= WHAT YOU HAVE TO DO =
What's needed is an exact copy of all the data below, without pictures.

= EXTRACTED DATA =
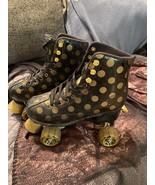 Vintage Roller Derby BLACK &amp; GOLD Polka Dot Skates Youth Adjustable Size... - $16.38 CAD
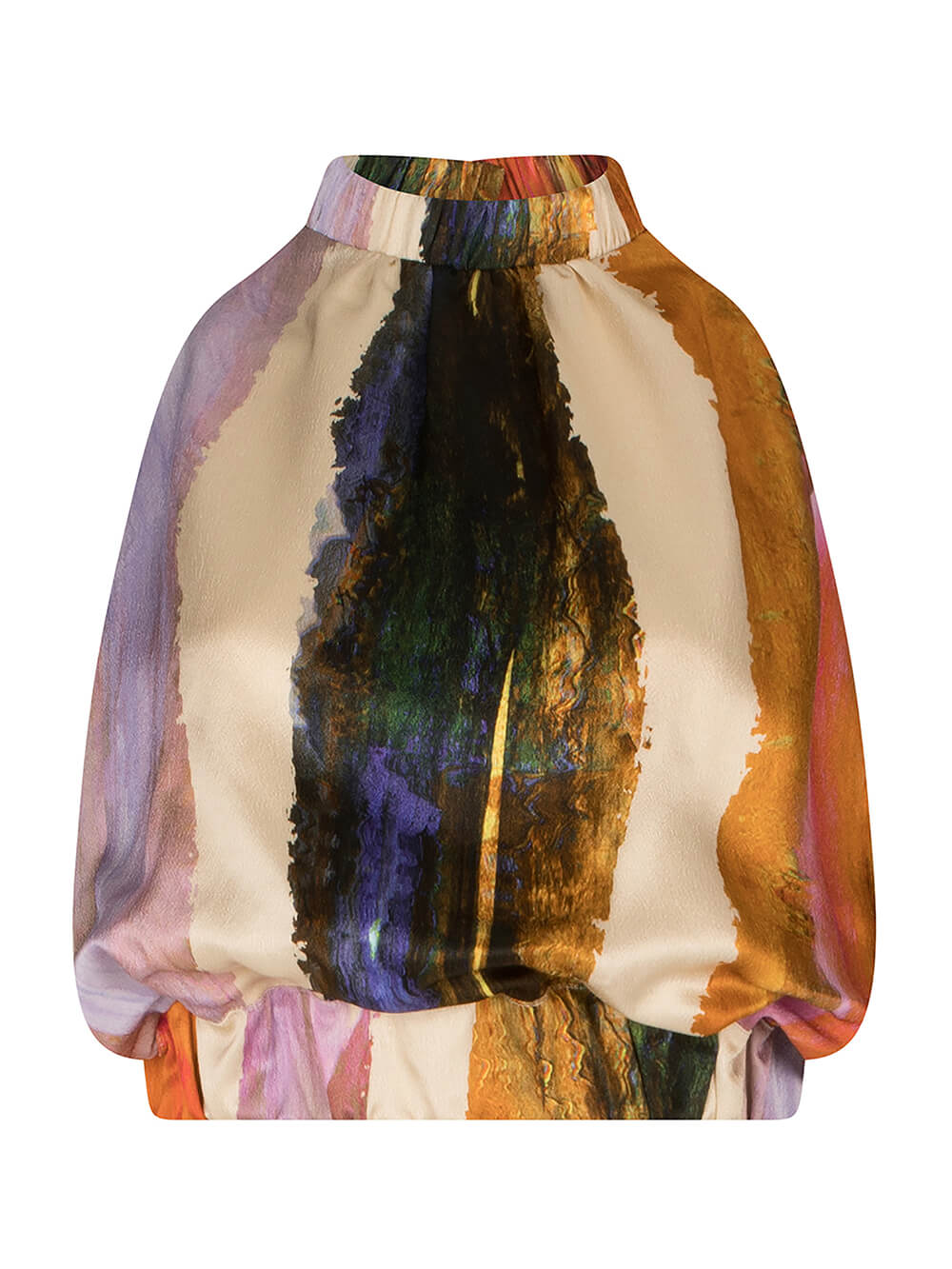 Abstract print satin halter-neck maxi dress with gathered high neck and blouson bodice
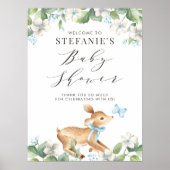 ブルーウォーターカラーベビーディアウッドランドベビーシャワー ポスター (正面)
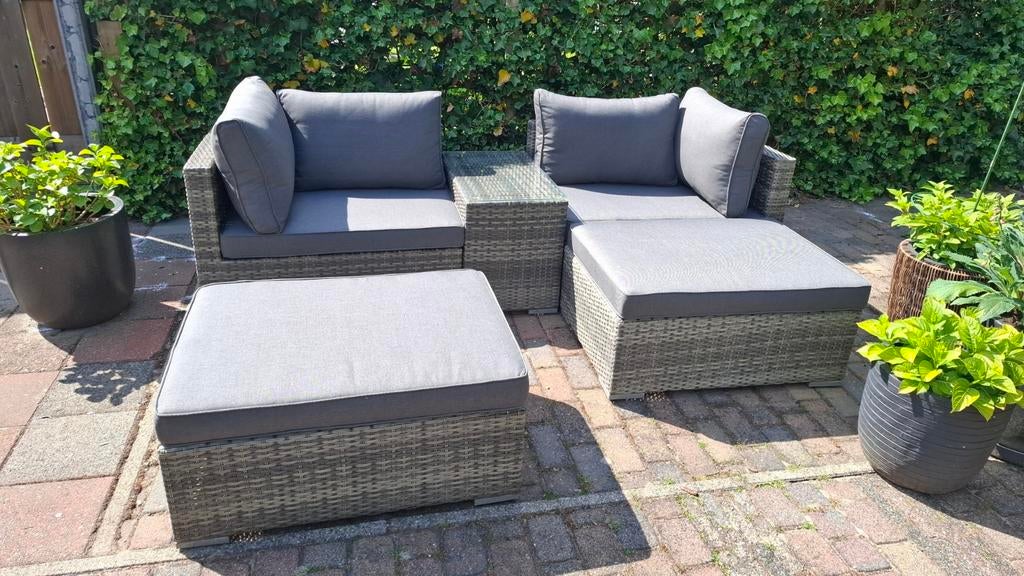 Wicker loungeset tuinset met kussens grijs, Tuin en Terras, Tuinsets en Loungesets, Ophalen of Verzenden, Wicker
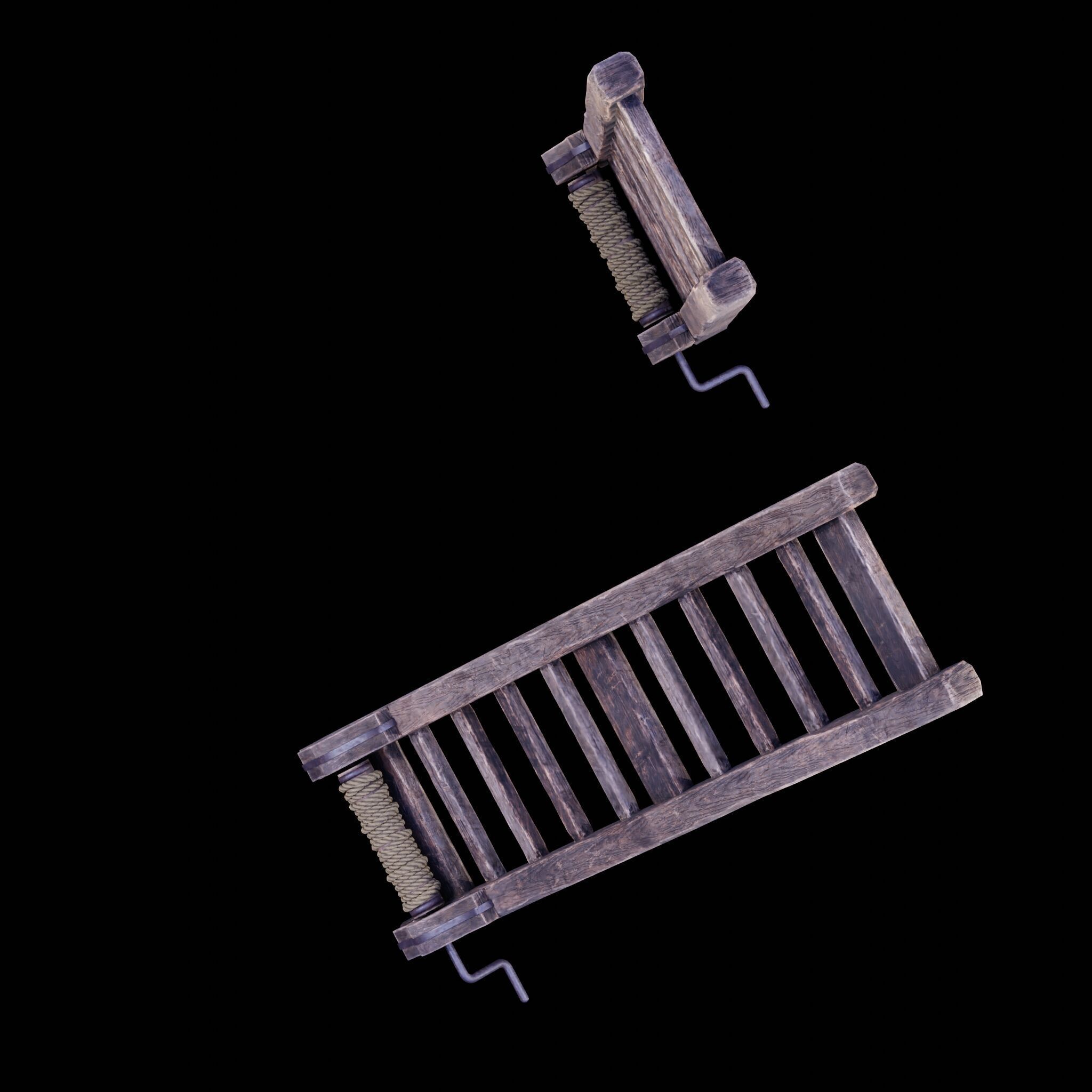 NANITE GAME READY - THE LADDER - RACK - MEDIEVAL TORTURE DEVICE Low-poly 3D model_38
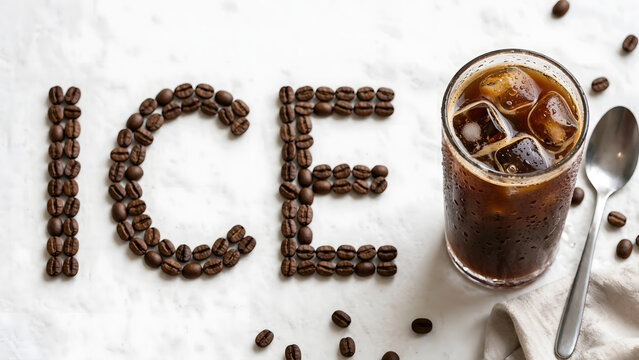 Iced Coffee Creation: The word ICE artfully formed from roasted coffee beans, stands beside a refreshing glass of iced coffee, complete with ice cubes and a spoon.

= EXERCISE SOLUTION =
 Vintage Roller Derby BLACK &amp; GOLD Polka Dot Skates Youth Adjustable Size... - $16.38 CAD
 Abstract print satin halter-neck maxi dress with gathered high neck and blouson bodice
 ブルーウォーターカラーベビーディアウッドランドベビーシャワー ポスター (正面)
 Wicker loungeset tuinset met kussens grijs, Tuin en Terras, Tuinsets en Loungesets, Ophalen of Verzenden, Wicker
 NANITE GAME READY - THE LADDER - RACK - MEDIEVAL TORTURE DEVICE Low-poly 3D model_38
 Iced Coffee Creation: The word ICE artfully formed from roasted coffee beans, stands beside a refreshing glass of iced coffee, complete with ice cubes and a spoon.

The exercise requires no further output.